[Crawled caption data]

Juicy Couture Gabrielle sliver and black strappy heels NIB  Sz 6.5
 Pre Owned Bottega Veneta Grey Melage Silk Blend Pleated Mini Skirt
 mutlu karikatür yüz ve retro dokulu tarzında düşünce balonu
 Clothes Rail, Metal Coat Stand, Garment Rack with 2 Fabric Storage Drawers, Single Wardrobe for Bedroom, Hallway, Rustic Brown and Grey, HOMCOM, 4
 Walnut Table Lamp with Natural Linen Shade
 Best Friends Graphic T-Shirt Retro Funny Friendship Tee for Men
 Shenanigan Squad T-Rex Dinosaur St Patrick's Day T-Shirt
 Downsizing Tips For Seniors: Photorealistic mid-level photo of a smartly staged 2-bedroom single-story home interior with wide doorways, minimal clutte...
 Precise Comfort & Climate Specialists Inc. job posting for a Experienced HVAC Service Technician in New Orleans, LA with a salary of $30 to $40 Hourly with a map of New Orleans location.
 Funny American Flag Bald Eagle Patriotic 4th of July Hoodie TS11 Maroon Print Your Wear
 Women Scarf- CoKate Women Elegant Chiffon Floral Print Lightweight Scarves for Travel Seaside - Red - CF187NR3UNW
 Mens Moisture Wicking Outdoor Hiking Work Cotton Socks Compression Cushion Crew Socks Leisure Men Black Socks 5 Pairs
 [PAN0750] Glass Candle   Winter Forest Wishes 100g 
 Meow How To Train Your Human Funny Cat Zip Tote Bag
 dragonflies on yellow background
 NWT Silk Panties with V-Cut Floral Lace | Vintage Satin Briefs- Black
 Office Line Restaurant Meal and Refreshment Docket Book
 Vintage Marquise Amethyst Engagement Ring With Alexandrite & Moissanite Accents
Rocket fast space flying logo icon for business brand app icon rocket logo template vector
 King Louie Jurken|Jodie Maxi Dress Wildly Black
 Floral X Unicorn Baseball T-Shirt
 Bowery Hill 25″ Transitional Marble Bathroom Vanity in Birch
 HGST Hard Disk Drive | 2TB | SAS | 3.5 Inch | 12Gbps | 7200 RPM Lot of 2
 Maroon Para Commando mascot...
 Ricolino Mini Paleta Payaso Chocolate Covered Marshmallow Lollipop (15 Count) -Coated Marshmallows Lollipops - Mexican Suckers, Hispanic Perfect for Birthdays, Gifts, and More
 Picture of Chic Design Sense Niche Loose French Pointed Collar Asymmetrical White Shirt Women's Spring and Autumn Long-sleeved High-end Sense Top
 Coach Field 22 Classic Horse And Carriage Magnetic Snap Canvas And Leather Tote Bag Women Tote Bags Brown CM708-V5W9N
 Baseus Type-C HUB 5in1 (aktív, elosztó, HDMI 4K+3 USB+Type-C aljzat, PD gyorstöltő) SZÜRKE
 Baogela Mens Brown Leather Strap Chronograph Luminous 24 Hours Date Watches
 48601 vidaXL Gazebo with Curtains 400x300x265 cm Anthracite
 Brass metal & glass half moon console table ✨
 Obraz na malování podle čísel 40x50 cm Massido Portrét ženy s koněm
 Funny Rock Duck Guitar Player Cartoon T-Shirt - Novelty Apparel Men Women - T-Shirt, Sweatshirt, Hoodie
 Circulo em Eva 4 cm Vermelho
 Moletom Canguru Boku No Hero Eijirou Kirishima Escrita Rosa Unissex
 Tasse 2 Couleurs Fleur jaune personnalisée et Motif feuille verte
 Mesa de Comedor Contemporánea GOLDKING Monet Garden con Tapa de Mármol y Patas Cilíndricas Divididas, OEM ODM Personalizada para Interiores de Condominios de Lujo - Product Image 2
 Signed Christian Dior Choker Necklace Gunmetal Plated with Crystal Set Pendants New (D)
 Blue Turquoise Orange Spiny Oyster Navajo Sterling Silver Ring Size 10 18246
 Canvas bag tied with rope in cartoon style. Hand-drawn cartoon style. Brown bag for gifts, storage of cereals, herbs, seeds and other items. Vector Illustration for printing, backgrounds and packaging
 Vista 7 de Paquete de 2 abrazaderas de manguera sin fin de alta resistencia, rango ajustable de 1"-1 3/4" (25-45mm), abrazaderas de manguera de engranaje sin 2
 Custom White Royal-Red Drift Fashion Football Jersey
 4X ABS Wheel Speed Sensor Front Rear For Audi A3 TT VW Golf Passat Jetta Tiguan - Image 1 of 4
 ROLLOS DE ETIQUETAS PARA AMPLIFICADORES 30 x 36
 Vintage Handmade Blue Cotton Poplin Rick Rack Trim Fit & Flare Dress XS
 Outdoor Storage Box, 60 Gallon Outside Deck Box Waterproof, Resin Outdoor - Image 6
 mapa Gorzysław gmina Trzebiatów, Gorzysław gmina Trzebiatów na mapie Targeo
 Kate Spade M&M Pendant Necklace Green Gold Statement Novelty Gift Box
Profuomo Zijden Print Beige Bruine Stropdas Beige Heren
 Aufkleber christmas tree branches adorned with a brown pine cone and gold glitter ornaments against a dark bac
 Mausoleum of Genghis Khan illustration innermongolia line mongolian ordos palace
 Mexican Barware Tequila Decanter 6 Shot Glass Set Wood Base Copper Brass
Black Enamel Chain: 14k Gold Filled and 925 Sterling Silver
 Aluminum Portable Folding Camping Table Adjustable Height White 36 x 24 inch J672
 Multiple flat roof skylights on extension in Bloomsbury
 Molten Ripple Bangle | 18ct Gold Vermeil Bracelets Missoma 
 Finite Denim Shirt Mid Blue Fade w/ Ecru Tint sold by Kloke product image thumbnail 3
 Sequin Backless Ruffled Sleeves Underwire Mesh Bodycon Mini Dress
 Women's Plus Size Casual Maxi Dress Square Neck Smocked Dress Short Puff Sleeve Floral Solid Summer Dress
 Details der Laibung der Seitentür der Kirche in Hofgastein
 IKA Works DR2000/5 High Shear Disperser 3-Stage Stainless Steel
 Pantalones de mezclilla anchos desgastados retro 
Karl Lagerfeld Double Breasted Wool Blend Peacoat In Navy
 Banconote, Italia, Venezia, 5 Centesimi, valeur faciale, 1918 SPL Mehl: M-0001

*What you should do*. Using the entries above, give again exactly the lines from the line holding "Pre Owned Bottega" through the line holding "Downsizing Tips For". Include both end lines and nothing else.

*Exercise result*.
 Pre Owned Bottega Veneta Grey Melage Silk Blend Pleated Mini Skirt
 mutlu karikatür yüz ve retro dokulu tarzında düşünce balonu
 Clothes Rail, Metal Coat Stand, Garment Rack with 2 Fabric Storage Drawers, Single Wardrobe for Bedroom, Hallway, Rustic Brown and Grey, HOMCOM, 4
 Walnut Table Lamp with Natural Linen Shade
 Best Friends Graphic T-Shirt Retro Funny Friendship Tee for Men
 Shenanigan Squad T-Rex Dinosaur St Patrick's Day T-Shirt
 Downsizing Tips For Seniors: Photorealistic mid-level photo of a smartly staged 2-bedroom single-story home interior with wide doorways, minimal clutte...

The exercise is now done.